The Citizen Protection ministry responded to Communist Party of Greece (KKE) accusations of police violence against protesters for the Polytechnic anniversary by pointing to an order that banned more than four people from public gatherings between 15-18 November. The ministry said in a statement “the uprising of the Polytechnic is one of the strongest symbols of our post-junta democracy. In today’s dramatic pandemic conditions, the government requested that the commemorations be held without a rally, by laying wreaths.”

Both the main opposition Radical Left SYRIZA and Greek Communist KKE had laid wreaths at the former premises of the junta’s military police, at Eleftherias park, “not observing the health protocols and violating the ban.”

In addition, the announcement said, KKE had nearly 200 people gather before the Athens Concert Hall (Megaron Mousikis) metro station, for the purpose of marching to the nearby American embassy. “The police did not allow this. The individuals arrived by using misleading SMSs,” the ministry said, referring to the text-messaging permits to leave the house. “The police explained to the organizers that the rally was illegal and requested it break up. It was assured this would happen shortly, that’s why police did not intervene.”

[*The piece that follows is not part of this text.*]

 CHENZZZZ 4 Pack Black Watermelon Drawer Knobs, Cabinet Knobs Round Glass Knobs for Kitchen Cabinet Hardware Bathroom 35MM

Later, in downtown Athens, the ministry continued, “KKE collected, entirely unprovoked, nearly 1,500 people at Propylea and tried to hold a march. The police repeatedly asked that they leave,” which the participants refused to do. A prosecutor was informed.

“The incidents have been recorded and will be turned over to the public,” noted the statement, adding that “the rally participants dispersed and reconvened. People were led to police stations [for questioning] and the legal processes are being followed. This day is not a game to overturn the ban. The coronavirus gives us no such leeway, except to those who are irresponsible.”

READ MORE: Aristotelis Sarrikostas, the Associated Press photographer who captured the spirit of the Polytechnic Uprising

Protesters from mostly left-wing groups and parties gathered in the capital despite a ban on marches and rallies as a precaution to curb the spread of the coronavirus. The ban prevented large-scale marches held annually on 17 November.

Clashes were reported between police and demonstrators.

Media reports said some protesters gathered in Thessaloniki and were also later dispersed by police.

About 5,000 officers, with support from helicopters and drones, had been deployed in Athens. More than 100 people have been arrested for flouting the government’s regulations.

Parties opposed to the government’s coronavirus-related ban on protests as a result of the soaring of new cases were SYRIZA, KKE and Yanis Varoufakis’ Mera25 Party who said that these restrictions curbed their civil liberties.

READ MORE: 17 November, 1973: Polytechnic Uprising, with 2,159 new COVID-19 cases, 59 deaths and ban on gatherings

Greek President Katerina Sakellaropoulou said that “Democracy is not a regime of freedom alone, but also of responsibility. Overcoming our individualism for the common good, public health and solidarity is today the struggle of all of us.”

Meanwhile, Greece registered 2,422 new COVID-19 cases on Tuesday and another 63 deaths.